Haslett's first chapter provides a wonderful survey of how the Don Juan legend changed over time, responding to specific political and historical circumstances. Tirso de Molina imbued Don Juan with vitality, charm, and moral ambiguity, Haslett argues, while Villiers, Dorimon, Rosimond, and Shadwell created a "thoroughly villainous" hero (33). In England, Don Giovanni was performed sixty-three times between 1817 and 1819, inspiring a spate of burlesques and pantomimes. Keats reviewed one of the more popular of these, Harlequin's Vision, and the Shelleys, Hogg, Peacock, and Claire Clairmont all attended a performance of Mozart's Don Giovanni (1818) that same year, only months before Shelley visited Byron in Italy and the poet began composing Don Juan (61-62). Caroline Lamb's Glenarvon (a woman's response to the Don Juan myth) and Coleridge's "Critique of Bertram" are also adduced as examples of how Don Juan preoccupied English audiences well before Byron chose this eponymous hero as the subject of his poem.
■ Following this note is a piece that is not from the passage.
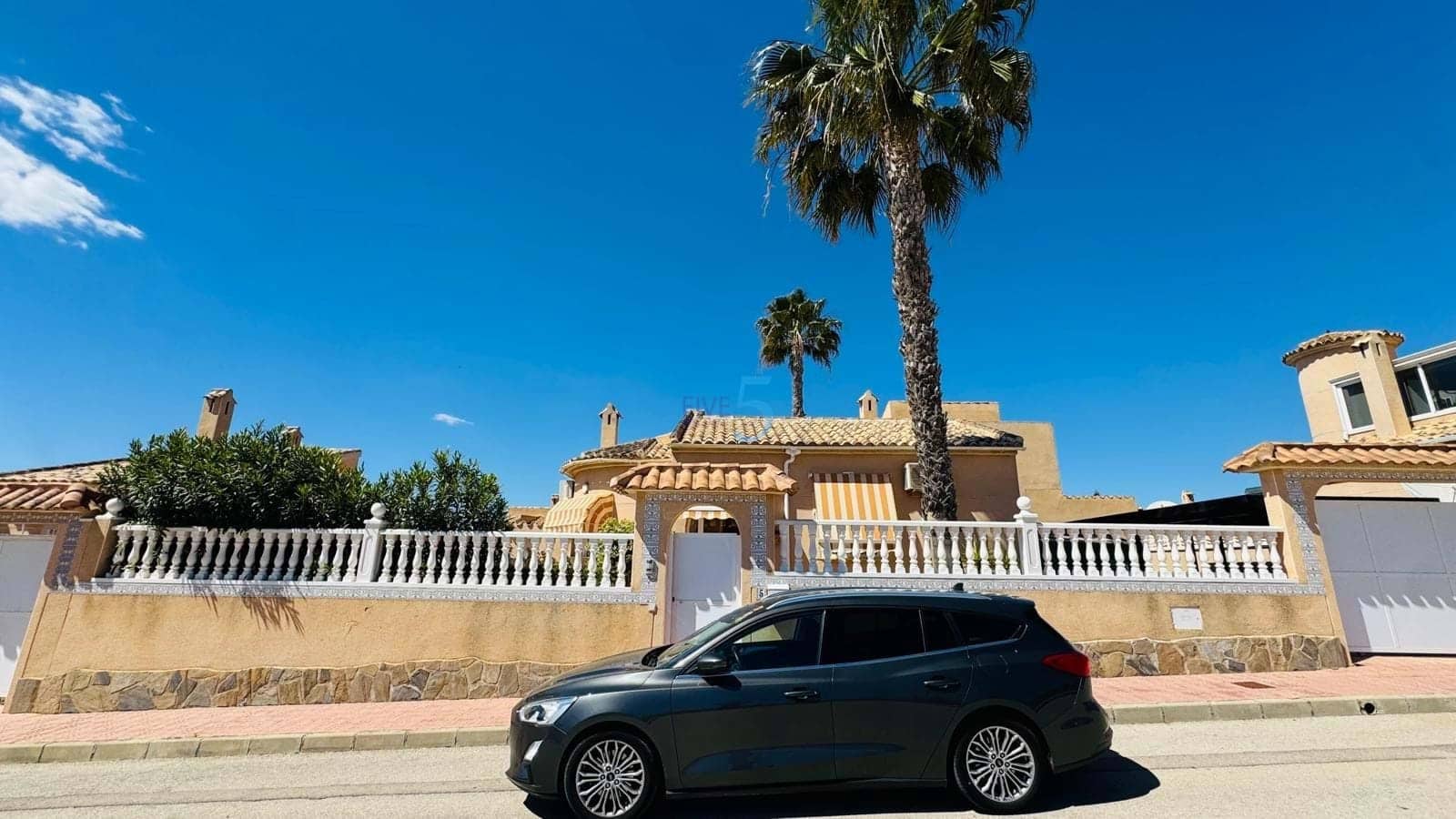 2 bedroom Villa for sale in Rojales with pool - € 340,000 (Ref: 9736013)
Haslett reviews this material in order to argue that Byron's contemporaries read his poem in terms of the enormously popular stage version (72). "In all, seventeen periodicals invoked the theatrical Don Juan legend in their reviews of Byron's poem between 1819 and 1823, and many more referred consistently to the character of Don Juan as that of a libertine" (80). Yet the fact that reviewers confused Byron's hero with the stage version does not mean that such a confusion is justified. Throughout her study, however, Haslett seems to be insisting on precisely this, the most implausible of her points--that Byron's hero is a libertine seducer who resembles the stage legend. As belabored as the thesis is, I was not convinced by the end of this study, though I am grateful for the excerpts from the theater playbills m the British Library which Haslett uses to make her case.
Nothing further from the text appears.